スマホというデジタルコンチネントができたことで、国境というボーダーは失われていきます。スマートフォン・セントリックなサービスを提供する企業にとっては、国家という単位は関係ないからです。

前述のとおり、スマホを動かすシステムにはiOSとアンドロイドしかなく、双方のシステムはほとんどの領域で互換性があります。iOSを使って送ったメールがアンドロイド搭載のスマホに届かないかといえば、もちろん届きますし、電話も通じます。したがって、基本的にOSはひとつと思ってもいいひとつのOSを、国境なく、全世界のおよそ20億人が持ち歩いているのです。

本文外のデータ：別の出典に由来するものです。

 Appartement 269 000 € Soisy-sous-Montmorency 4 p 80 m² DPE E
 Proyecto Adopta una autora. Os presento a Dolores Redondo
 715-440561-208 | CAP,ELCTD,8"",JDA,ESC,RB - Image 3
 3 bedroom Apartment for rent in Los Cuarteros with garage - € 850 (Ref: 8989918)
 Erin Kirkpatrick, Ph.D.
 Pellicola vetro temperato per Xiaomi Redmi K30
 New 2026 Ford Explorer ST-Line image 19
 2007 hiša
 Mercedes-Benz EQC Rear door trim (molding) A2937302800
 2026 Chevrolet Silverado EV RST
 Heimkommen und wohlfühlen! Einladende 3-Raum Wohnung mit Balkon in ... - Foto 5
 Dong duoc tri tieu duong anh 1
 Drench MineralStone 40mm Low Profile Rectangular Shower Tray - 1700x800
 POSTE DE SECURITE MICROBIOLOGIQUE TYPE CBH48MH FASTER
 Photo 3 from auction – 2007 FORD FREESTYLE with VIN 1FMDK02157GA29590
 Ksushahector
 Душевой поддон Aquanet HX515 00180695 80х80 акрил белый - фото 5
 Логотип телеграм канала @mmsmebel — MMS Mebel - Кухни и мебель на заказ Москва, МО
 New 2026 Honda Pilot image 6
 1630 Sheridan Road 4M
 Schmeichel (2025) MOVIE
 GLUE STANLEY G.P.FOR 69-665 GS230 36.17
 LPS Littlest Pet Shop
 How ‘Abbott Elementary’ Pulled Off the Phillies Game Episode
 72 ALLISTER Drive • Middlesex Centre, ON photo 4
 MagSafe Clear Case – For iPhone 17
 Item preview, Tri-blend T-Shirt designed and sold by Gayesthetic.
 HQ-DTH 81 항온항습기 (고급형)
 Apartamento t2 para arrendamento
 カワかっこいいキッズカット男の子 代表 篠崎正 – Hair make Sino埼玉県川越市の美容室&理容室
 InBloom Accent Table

持ち歩いているということは、まさしく「ユビキタス」ということです。ユビキタスとは、あらゆるものにコンピュータが内蔵され、いつでもコンピュータの支援が受けられる、つまりインターネットなどの情報ネットワークにいつでもアクセスできる環境のことです。

ヒトはいつでも、どこにいても、ネットワークにつながっているというわけです。

テクノロジー4.0の企業は世界にサービスを「まき散らす」

例えば、Uberはサンフランシスコ発の会社ですが、すぐにニューヨークでもサービスを開始。南アフリカ、ヨーロッパへと進出して、5年後には全世界に広がっていました。

今では500を超える都市に展開し、利用できる地域は広がり続けています。

なぜ急速に世界中に展開できたかといえば、Uberにとって重要なのは位置情報ビッグデータFinTechであり、スマホという媒介があれば国という概念は関係がないからです。

これまでの企業は、日本支社を作って日本で拡販し、ドイツ支社を作ってドイツで拡販というように順次、海外展開を図っていきましたが、もはやそのような従来型の国別拡販スタイルを取る必要はありません

テクノロジー4.0の申し子とも言える企業は、自身のサービスをまき散らすように一気に世界進出ができるのです。

スマートフォン・セントリックでやっていくということは、iOSかアンドロイドの入ったスマホがあればどこでもサービスを展開できる、ということです。